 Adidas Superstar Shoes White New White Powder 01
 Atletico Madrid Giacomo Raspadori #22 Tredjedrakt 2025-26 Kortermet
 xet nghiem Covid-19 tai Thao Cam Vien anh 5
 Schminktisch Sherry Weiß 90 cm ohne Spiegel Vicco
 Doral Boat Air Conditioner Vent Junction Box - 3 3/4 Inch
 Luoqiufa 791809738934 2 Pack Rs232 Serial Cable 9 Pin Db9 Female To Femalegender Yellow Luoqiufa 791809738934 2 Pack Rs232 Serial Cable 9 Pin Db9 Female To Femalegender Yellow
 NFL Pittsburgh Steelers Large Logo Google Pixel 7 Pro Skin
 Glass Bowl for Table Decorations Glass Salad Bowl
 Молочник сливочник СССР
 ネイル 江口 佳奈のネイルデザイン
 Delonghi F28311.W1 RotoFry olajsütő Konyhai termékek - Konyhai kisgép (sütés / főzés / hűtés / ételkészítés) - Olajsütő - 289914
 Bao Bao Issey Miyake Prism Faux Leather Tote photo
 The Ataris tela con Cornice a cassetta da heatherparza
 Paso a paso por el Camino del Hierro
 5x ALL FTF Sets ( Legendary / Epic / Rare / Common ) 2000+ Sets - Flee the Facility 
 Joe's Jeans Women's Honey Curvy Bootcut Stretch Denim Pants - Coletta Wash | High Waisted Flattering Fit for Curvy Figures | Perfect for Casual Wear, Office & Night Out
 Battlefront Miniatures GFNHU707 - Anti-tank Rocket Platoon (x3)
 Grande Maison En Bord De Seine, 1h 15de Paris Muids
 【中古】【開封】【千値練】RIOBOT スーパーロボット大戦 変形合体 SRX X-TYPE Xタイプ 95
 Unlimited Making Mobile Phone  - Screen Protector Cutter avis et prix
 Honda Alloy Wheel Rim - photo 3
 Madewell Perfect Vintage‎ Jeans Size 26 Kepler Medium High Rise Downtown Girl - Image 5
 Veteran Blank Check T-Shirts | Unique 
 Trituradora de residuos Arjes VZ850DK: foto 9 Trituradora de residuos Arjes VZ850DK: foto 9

......

(Aim of the exercise) Quote each line above in full, word for word.

(Your response)
 Adidas Superstar Shoes White New White Powder 01
 Atletico Madrid Giacomo Raspadori #22 Tredjedrakt 2025-26 Kortermet
 xet nghiem Covid-19 tai Thao Cam Vien anh 5
 Schminktisch Sherry Weiß 90 cm ohne Spiegel Vicco
 Doral Boat Air Conditioner Vent Junction Box - 3 3/4 Inch
 Luoqiufa 791809738934 2 Pack Rs232 Serial Cable 9 Pin Db9 Female To Femalegender Yellow Luoqiufa 791809738934 2 Pack Rs232 Serial Cable 9 Pin Db9 Female To Femalegender Yellow
 NFL Pittsburgh Steelers Large Logo Google Pixel 7 Pro Skin
 Glass Bowl for Table Decorations Glass Salad Bowl
 Молочник сливочник СССР
 ネイル 江口 佳奈のネイルデザイン
 Delonghi F28311.W1 RotoFry olajsütő Konyhai termékek - Konyhai kisgép (sütés / főzés / hűtés / ételkészítés) - Olajsütő - 289914
 Bao Bao Issey Miyake Prism Faux Leather Tote photo
 The Ataris tela con Cornice a cassetta da heatherparza
 Paso a paso por el Camino del Hierro
 5x ALL FTF Sets ( Legendary / Epic / Rare / Common ) 2000+ Sets - Flee the Facility 
 Joe's Jeans Women's Honey Curvy Bootcut Stretch Denim Pants - Coletta Wash | High Waisted Flattering Fit for Curvy Figures | Perfect for Casual Wear, Office & Night Out
 Battlefront Miniatures GFNHU707 - Anti-tank Rocket Platoon (x3)
 Grande Maison En Bord De Seine, 1h 15de Paris Muids
 【中古】【開封】【千値練】RIOBOT スーパーロボット大戦 変形合体 SRX X-TYPE Xタイプ 95
 Unlimited Making Mobile Phone  - Screen Protector Cutter avis et prix
 Honda Alloy Wheel Rim - photo 3
 Madewell Perfect Vintage‎ Jeans Size 26 Kepler Medium High Rise Downtown Girl - Image 5
 Veteran Blank Check T-Shirts | Unique 
 Trituradora de residuos Arjes VZ850DK: foto 9 Trituradora de residuos Arjes VZ850DK: foto 9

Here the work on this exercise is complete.